2001年にヒノキヤグループに入社した近藤氏。入社のきっかけは、黒須 新治郎前社長(現会長)の娘さんとの結婚だったが、現会長から「上場を果たして、増税といった社会情勢に翻弄されない強い会社になりたい」という想いを訊き、自分の経験が役に立つかもしれないと感じたことが大きな理由だった。

近藤:「入社までは保険業界で長く働いていたので、金融での経験が活かせるのではと思いました。上場するには、ルールにのっとって緻密に手続きを重ねていく必要がありますが、それが当たり前だったので心理的には抵抗なく上場を目指すことができました。

金融業界と違い、建築や不動産業界は自由度が高い分、結果は自分たちの努力次第というプレッシャーはありましたが、ヒノキヤで頑張ってみたい。そう思って、日本の住宅事情について真剣に学んでいきました。

マイホームは、誰もが一度は思い描いたことのある身近な夢。自分が暮らす家もある意味実験台として、なるべく当社のお客様と同じ目線に立った家づくりを考えています」


株式会社 ヒノキヤグループ 代表取締役社長 近藤 昭氏

近藤氏が社長に就任したのは、入社して8年後の2009年。全社員の前で、黒須 新治郎前社長(現会長)から与えられたミッションには想定以上の数字が並んでいた。

近藤:「『2017年には売上高1,000億円、経常利益50億円を達成してもらいたい』と会長から告げられたときは、正直ピンと来なくて……当時の売上が200億円だったので、あと8年で5倍にするにはどうしたらいいんだと(苦笑)。社員もぽかんとしていたと思います。

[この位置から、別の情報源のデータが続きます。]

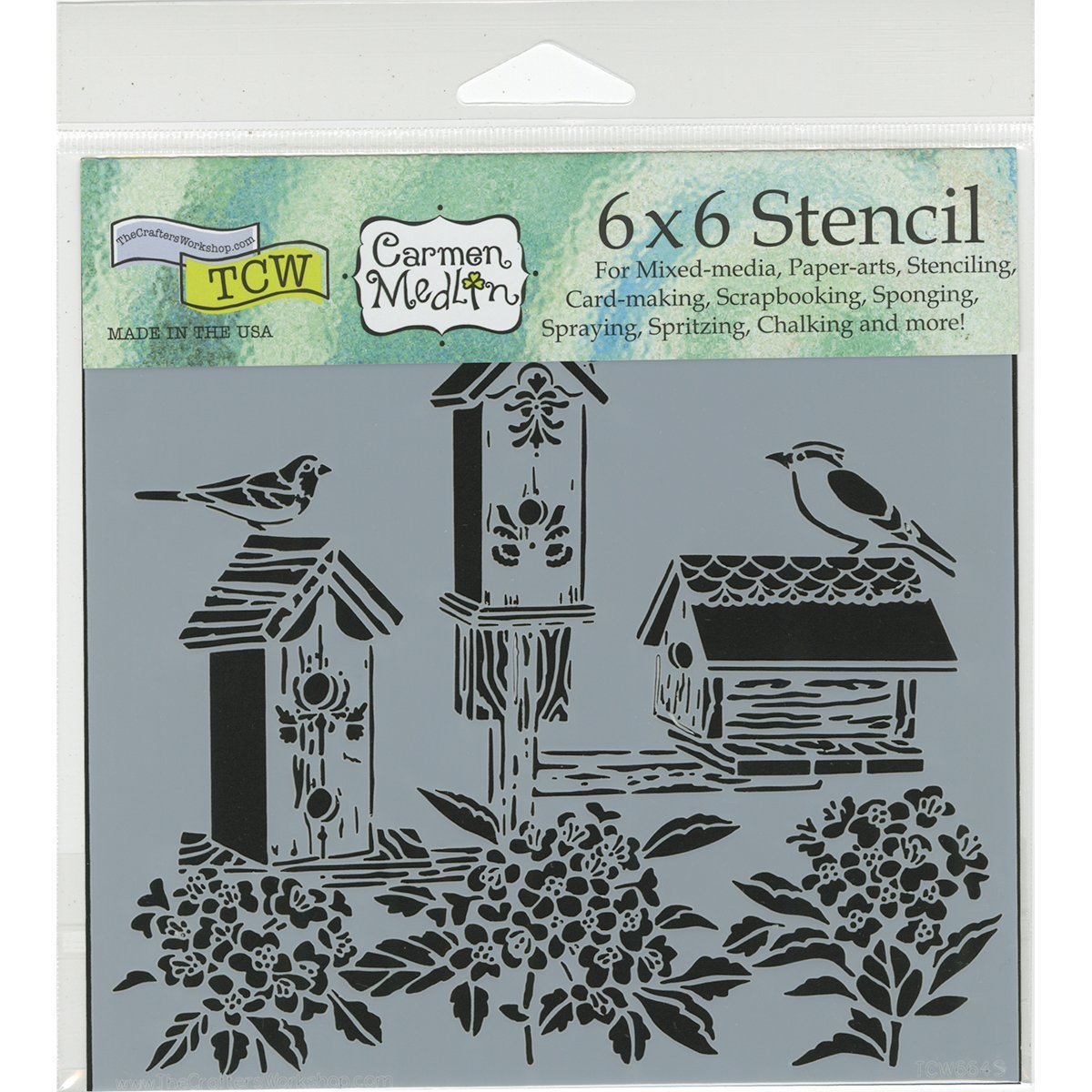 The Crafters Workshop 6x6 Stencil - Bird Houses Design for DIY Art & Scrapbooking (18 x 16 x 0.1 cm, Transparent Plastic) - Perfect for Home Decor, Card Making, and Mixed Media Projects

会長の実家は、大手住宅会社の下請け工務店でした。そこで大手との価格差を実感した会長が、自分たちが元請けになりいいものを安く提供したいと考え、『最高品質と最低価格で社会に貢献』という理念のもと立ち上げた会社がヒノキヤグループの始まりなんです。

ただ、会長は、常に高い目標を掲げては達成してきた有言実行の人。挑み続ける会長の姿を入社以来見てきたので、途方もない数字だけど次は自分の番だ。後悔のないようやってみよう。それだけでしたね」

理念にもとづき、徹底した規格化で低コストを実現したり、事業を多角化してハードからソフトまで一手に担うことで品質を保ったりとさまざまな工夫を続けたヒノキヤグループ。既存事業の改革とともに近藤氏が進めたのが、会社を成長させるためのM&A(企業の合併・買収)だった。

近藤:「自分たちにない提供価値を持つ会社に対してM&Aを実施し、売上高や企業規模を拡大させてきました。ただ、私たちのM&Aは本業である建築業を着実に育てられるかどうかが大前提。別の会社で働いてきた方と仲間になるわけですから、相手方の社長とじっくり話しあい、考え方や社風がヒノキヤとマッチするかを重視してきました」

現在、ヒノキヤグループの主力である断熱材事業を担う、株式会社日本アクアに対するM&Aも「人重視」で実現したそうだ。

近藤:「出会った当時の日本アクアは売上高10億円に満たない会社でしたが、日本アクアの中村社長は『われわれは売上300億円、上場を目指したい』と熱く語っていました。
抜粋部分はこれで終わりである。